The study of differential or difference equations with causal operators has seen a rapid development in the last few years, see the papers [15] and the references therein. Recently, existence results for differential or difference equations with causal operators have been obtained by using monotone iterative technique combined with the method of upper and lower solutions; for details, see for example [610]. In [7, 8], some existence results for the following boundary value problems of difference equations:

$$\begin{aligned}& \left \{ \textstyle\begin{array}{l} \Delta y(k-1)=(Qy)(k), \quad k\in Z[1,T], \\ g(y(0),y(T))=0, \end{array}\displaystyle \right . \end{aligned}$$
(1.1)
$$\begin{aligned}& \left \{ \textstyle\begin{array}{l} \Delta y(k)=(Qy)(k), \quad k\in Z[0,T], \\ g(y(0),y(T))=0, \end{array}\displaystyle \right . \end{aligned}$$
(1.2)
$$\begin{aligned}& \left \{ \textstyle\begin{array}{l} \Delta y(k-1)=Q_{1}(y,z)(k),\quad k\in Z[1,T], \\ \Delta z(k-1)=Q_{2}(z,y)(k),\quad k\in Z[1,T], \\ g_{1}(y(0),y(T), z(0), z(T))=0,\qquad g_{2}(z(0),z(T),y(0),y(T))=0 \end{array}\displaystyle \right . \end{aligned}$$
(1.3)

and

$$ \left \{ \textstyle\begin{array}{l} \Delta y(k)=Q_{1}(y,z)(k),\quad k\in Z[0,T], \\ \Delta z(k)=Q_{2}(z,y)(k),\quad k\in Z[0,T], \\ g_{1}(y(0),y(T), z(0), z(T))=0,\qquad g_{2}(z(0),z(T),y(0),y(T))=0, \end{array}\displaystyle \right . $$
(1.4)

were obtained based on four comparison results with positive linear operators, respectively. In (1.1)-(1.4), \(\Delta y(k)=y(k+1)-y(k)\), Q, \(Q_{1}\), and \(Q_{2}\) are causal operators (which will be defined in the following), \(g\in C(R^{2},R)\), \(g_{1}, g_{2}\in C(R^{4},R)\). However, these comparison results contain inaccuracies and only hold if the linear operators are causal and strictly positive. In this paper, we will give four new comparison results, which hold if the positive linear operators are causal or non-causal. Our results correct the inaccuracies and supplement the comparison results in [7, 8]. Two examples will be given to illustrate our results.

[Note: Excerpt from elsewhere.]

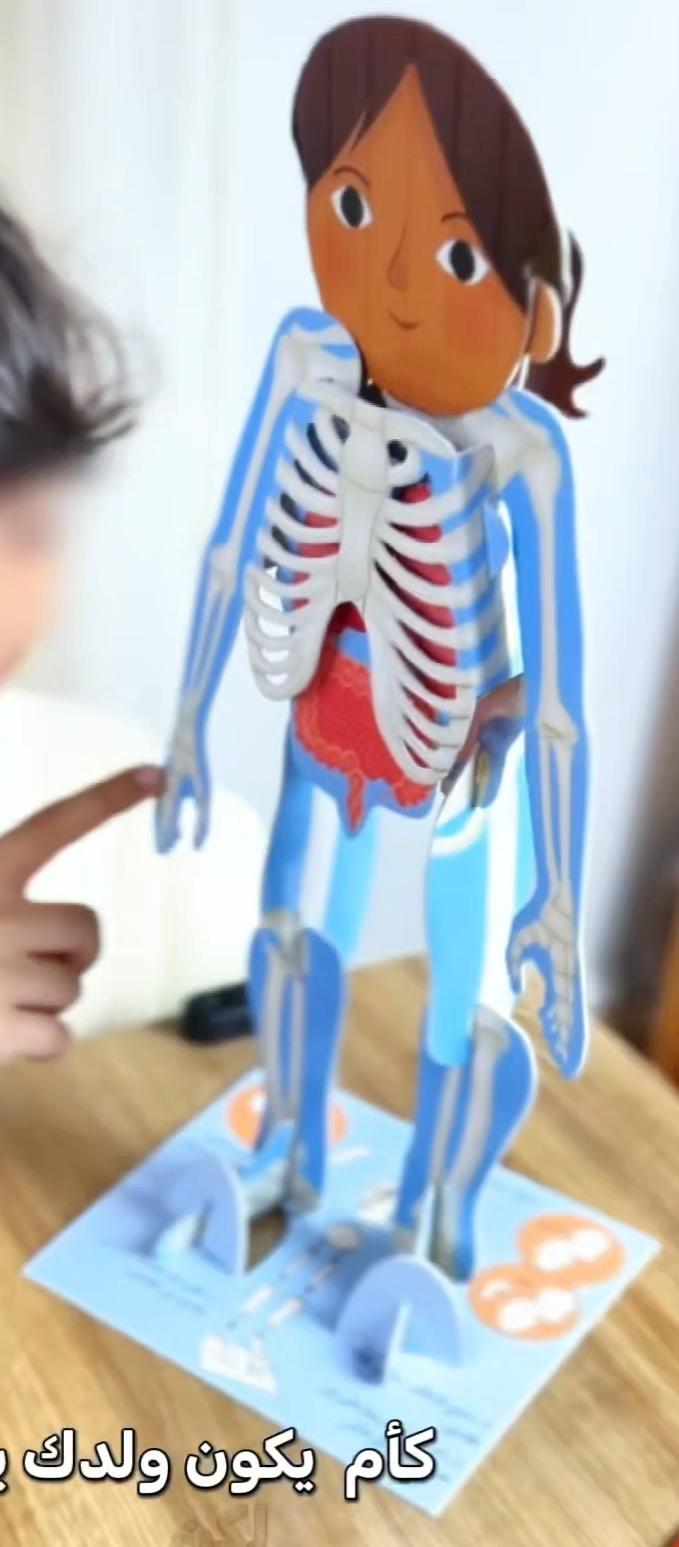كتاب 'أنموذج جسم الانسان ' مع مجسم (3D) + Cadeau Surprise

Let \(N_{0}\) be the set of integer numbers and \(Z[a,b]=\{a, a+1,\ldots, b\} \) with \(a,b\in N_{0}\) and \(a< b\). Denote \(E=C(Z[a,b],R)\), \(E_{0}=C(Z[1,T],R)\), \(E_{1}=C(Z[0,T-1],R)\), and \(R_{+}=[0,+\infty)\). An operator \(Q\in C(E,E)\) is called a causal operator, or nonanticipative, if the following property holds: for each couple of elements of E such that \(u(s)=v(s)\), for \(a\leq s \leq k\), \(s, k\in Z[a,b]\), as a result \((Qu)(s)=(Qv)(s)\) for \(a\leq s\leq k\) with \(k< b\) arbitrary. A linear operator \(\mathcal {L}\in C(E, E)\) is called a positive linear operator, if \((\mathcal {L}m)(k)\geq0\) provided that \(m(k)\geq0\), \(k\in Z[a, b]\). Similar to [11], a linear operator \(\mathcal {L}\in C(E, E)\) is called a strictly positive operator, if \((\mathcal {L}m)(k)\geq0\), \((\mathcal {L}m)(k)\not\equiv0\) provided that \(m(k)\geq0\), \(m(k)\not\equiv0\), \(k\in Z[a, b]\).

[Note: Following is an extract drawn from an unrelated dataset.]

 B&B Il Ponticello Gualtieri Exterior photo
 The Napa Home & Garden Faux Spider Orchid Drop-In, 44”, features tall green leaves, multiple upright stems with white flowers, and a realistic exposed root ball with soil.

Considering the following inequality with boundary condition:

$$ \left \{ \textstyle\begin{array}{l} \Delta y(k-1)\leq-M(k)y(k)-(\mathcal {L}y)(k),\quad k\in Z[1,T], \\ y(0)\leq ry(T), \end{array}\displaystyle \right . $$
(1.5)

where \(M\in C(Z[1,T],R_{+})\), \(r\geq0\), and \(\mathcal {L}\in C(E_{0},E_{0})\) is a positive linear operator.

Denote \(\rho_{1}:=\sum_{i=1}^{T}(\mathcal {L}\mathbf{1})(i)S_{i-1}\) where \(\mathbf{1}(k)=1\), \(S_{k}=\prod_{i=1}^{k}[1+M(i)]\) for \(k\in Z[1,T]\) and \(S_{0}=1\).

We list the following assumptions for convenience.

(H1):

\(\rho_{1}\leq rS_{T}^{-1}\leq1\) and \(S_{T}-r+\rho_{1}>0\),

(H2):

\(\mathcal {L}\in C(E_{0},E_{0})\) is a strictly positive operator and \(\rho_{1}\leq rS_{T}^{-1}\leq1\),

(H3):

\(\mathcal {L}\in C(E_{0},E_{0})\) is a causal operator, \(\rho_{1}\leq1\), \(rS_{T}^{-1}\leq1\), and \(S_{T}-r+\rho_{1}>0\).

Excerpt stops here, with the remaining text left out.